Dunque i criteri seguiti nella scelta dei termini da mettere a lemma sono fondamentalmente due: la condivisione e la trasparenza, intesa quest’ultima come più facile comprensibilità del termine prescelto da parte del pubblico cui questo testo si rivolge. La combinazione di questi due criteri ha portato alla scelta di troncamento piuttosto che di apocope, di subordinazione piuttosto che di ipotassi, di ruoli semantici piuttosto che di ruoli tematici, di verbi causativi piuttosto che di verbi fattitivi, e così via.

5) Un’ultima domanda sulla diacronia: ci sono informazioni sulla storia e l’evoluzione dei concetti grammaticali, e delle parole che sono state usate per designarli?  

No, nel trattamento delle voci non si fa cenno alla diacronia, cioè alla evoluzione dei concetti grammaticali nella grammaticografia sull’italiano: tener conto di questo aspetto avrebbe comportato un ampliamento a dismisura della ricerca, e conseguentemente della mole del volume. Ma approfitto della tua domanda per ricordare che molti termini grammaticali hanno alle spalle una lunga, lunghissima storia.

Riprendo dall’Introduzione: “la grammatica, ciò che nel mondo occidentale si intende per grammatica, ha una storia millenaria che si fa partire dal grammatico alessandrino Dionisio Trace, che, all’incirca intorno al 100 a.C., pubblicò il primo trattato di grammatica, la Téchne grammatiké. In quest’opera presenta otto diverse parti del discorso, che corrispondono in gran parte alla suddivisione moderna. Ma già prima di lui (principalmente con Platone e Aristotele) e soprattutto dopo di lui, filosofi e grammatici non hanno mai smesso di riflettere sul linguaggio verbale e sulla sua struttura. Anche gli oggetti linguistici, e relative denominazioni, che a noi oggi paiono ovvi, sono in realtà il frutto di un lungo percorso di successiva chiarificazione, durante il quale al cambio di analisi si è accompagnato talvolta il cambio del nome. Per fare un esempio arcinoto, la categoria dell’aggettivo è stata a lungo vista e trattata come sottoclasse del nome, e infatti fino a tutto l’Ottocento si parla di nome aggettivo, per distinguerlo dal nome sostantivo, che indicava, appunto, quello che oggi viene chiamato semplicemente nome o sostantivo” (p. 17). Ancora Raffaello Fornaciari, nella sua fortunata Grammatica della lingua italiana (Sansoni, Firenze 1931, p. 36), nel fare l’elenco delle categorie lessicali scrive: “nome sostantivo (o semplicemente sostantivo o nome), nome aggettivo (o semplicemente aggettivo)”.

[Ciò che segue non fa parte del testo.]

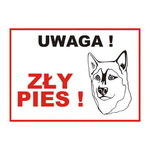 Tablica informacyjna z PCV Uwaga zły pies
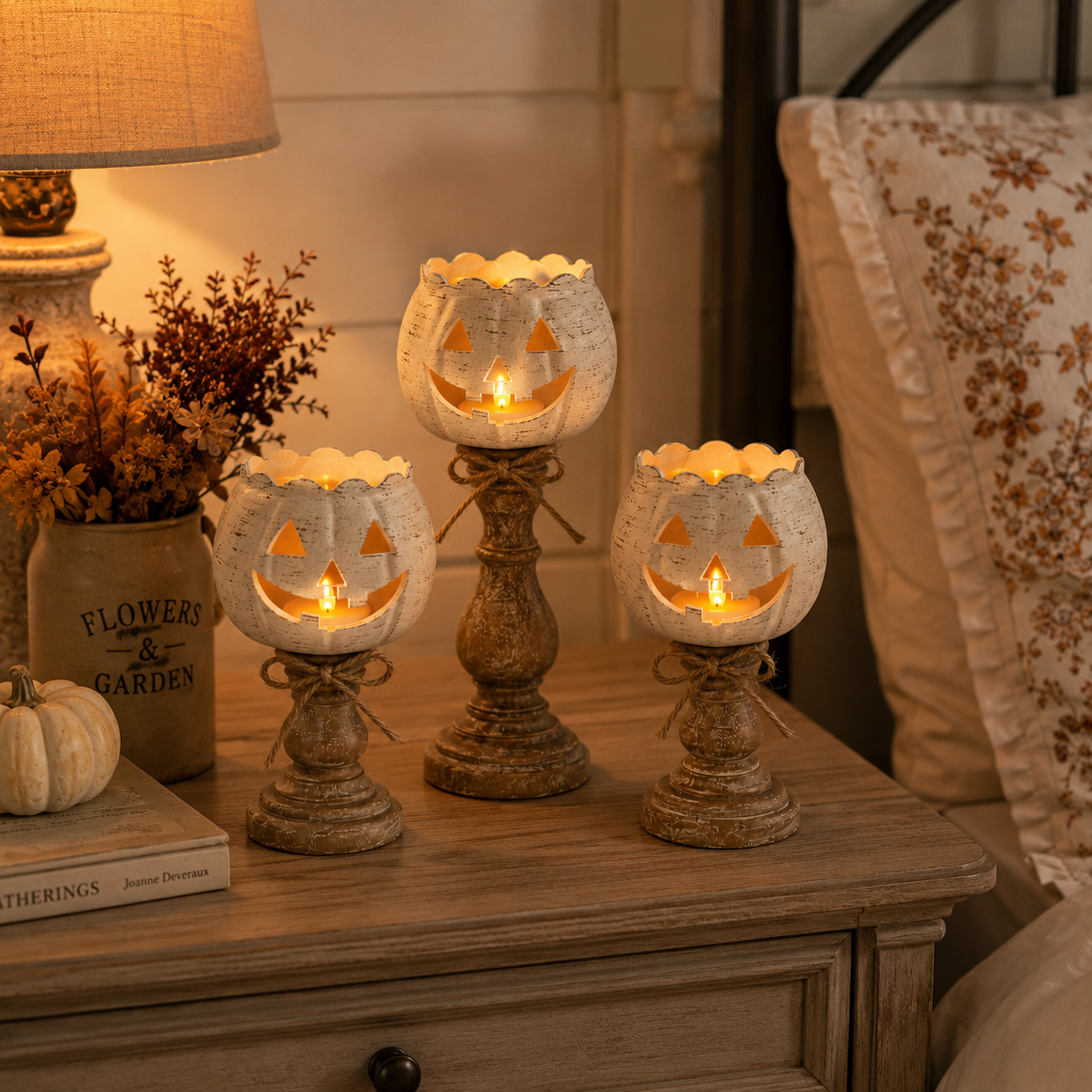 🎃2026 Bestseller✨Rustic White Pumpkin Tealight Candle Holder 🔥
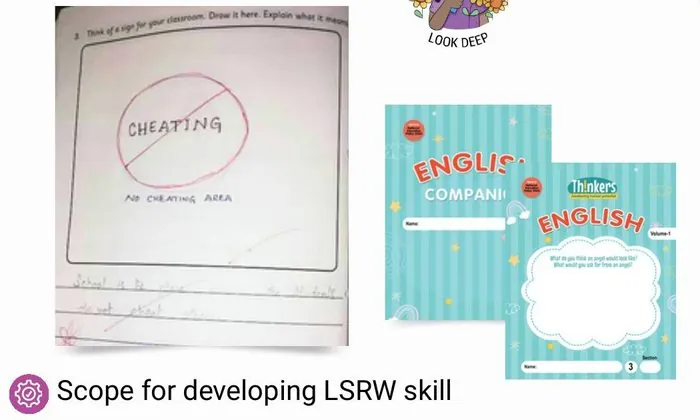 English student work sample, Class 4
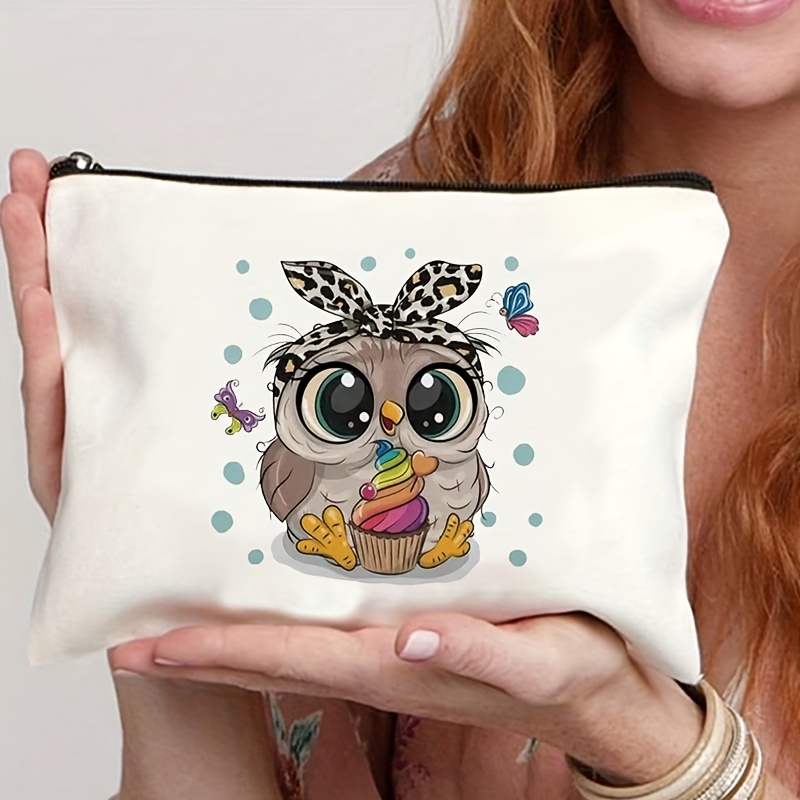 

Kawaii Cartoon Owl Pattern Cosmetic Bag, Zipper Portable Cosmetic Bag, Versatile Storage Bag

“Questo esempio ci ricorda che spesso l’oggetto linguistico, con la relativa terminologia, è “emerso” faticosamente in seguito a piccoli o grandi mutamenti di prospettiva [...] Il frutto di questo lavorio secolare, condotto prima sul greco e sul latino, poi sulle lingue moderne, è stato ereditato e assunto nell’insegnamento, giungendo fino a noi. Dunque un gran numero di voci viene da qui, da quella che viene talvolta sbrigativamente – e spesso polemicamente – chiamata grammatica tradizionale, cui pure dobbiamo tante delle categorie di base dell’analisi linguistica, e le rispettive denominazioni” (p. 17).